You might be wondering, not unreasonably, what so-called dark tourism even is. I always thought it was a holiday to France, but Dark Tourist, the new Netflix Original documentary series by New Zealand’s David Farrier, stretches the definition so wide that it barely means anything at all.
In the simplest terms, dark tourism is the phenomenon of holidaying in places that are extremely odd, or, in some cases, might actually kill you – either immediately or several years after visiting. These are, for instance, the serial killer tours of Jeffrey Dahmer and Charles Manson; grisly trails through Milwaukee and Los Angeles, replete with unpleasant details of the notorious madmen’s horrific crimes. It’s like a Butlins holiday, only slightly more upbeat.
And then there’s a jaunty tour through the ghost cities around the nuclear disaster at Fukushima, which are ostensibly safe to return to. Farrier’s clacking Geiger counter suggests that might be bullshit. The driver ferrying Farrier and his fellow dark tourists around says that a radiation level over 0.2 would be where he drew the line, at which point most of the travelers nervously realized that their personal meters were reading much higher. It takes a special kind of individual to visit a tourist hotspot where you don’t return with a souvenir, but potentially another head.
Other places – each of the eight episodes travels to three-or-so weird locations in a specific section of the world – feel less fraught with peril, and more like part of being a dark tourist is having journalistic access to places that are logistically out of reach. These are the weaker episodes of the season, as Farrier’s unparalleled ability to recruit outrageous tour guides or magically open otherwise-inaccessible doors can feel a bit artificial. There’s always a vein of morbidity running through proceedings, but there’s sometimes also a sense that Farrier is trying to use his own ignorance and bumbling personality to drum up excitement and interest where there wouldn’t otherwise be any.
All the best bits of Dark Tourist come when Farrier is visibly uncomfortable with what he’s being asked to do, and when he’s walking that line he’s a fantastic host, and the show is genuinely fascinating and compelling. Luckily this is quite often. His approach is usually the same: he starts each episode with a slightly different definition of what dark tourism is, then ventures into the most traditionally touristy local version of it, spiralling further and further into esoteric madness until, by the end of the 40 minutes, whatever definition he started with has been thoroughly mangled.
And you can tell what fascinates Farrier the most. He’s particularly into evacuated ghost towns, such as those in Cyprus and Japan, and his enthusiasm for that kind of eerily tourist-free adventure is infectious. When he’s less interested, his incredibly dry sense of humor works wonders on the conspiracy theorists, mad separatists and literal Nazis he’s forced to knock around with in places like South Africa and Virginia.

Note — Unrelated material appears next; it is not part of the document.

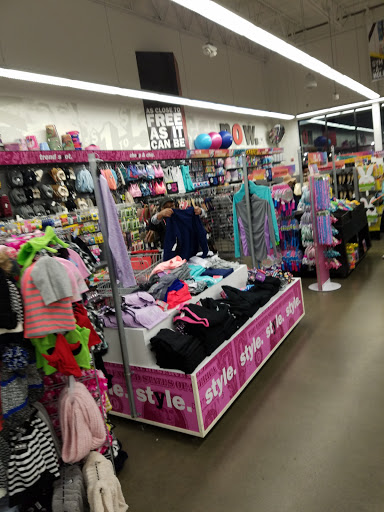 Variety Store «Five Below», reviews and photos, 1417 S Main Chapel Way, Gambrills, MD 21054, USA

Of course, they’re too stupid to realize he’s insulting them, but the audience (hopefully) isn’t.
If Dark Tourist feels like a slightly depth-averse version of something you might see from, say, British documentarian Louis Theroux (Farrier is explicitly compared to him at one point), then Netflix seems the ideal place for it. It’s occasionally frustrating that Farrier only rarely asks the burning question of why anyone would want to visit these places, and those instances in which he does always yield the most unexpectedly resonant or emotional moments. But I’m not entirely convinced that the question is even answerable in this format. Netflix’s recent success in this genre, with stuff like Wild Wild Country and Evil Genius, shows that there’s an audience who do want to go to places they otherwise wouldn’t. Shows like Dark Tourist can take them there without the need to salute the führer or go home with radiation poisoning – I think the appeal is pretty obvious.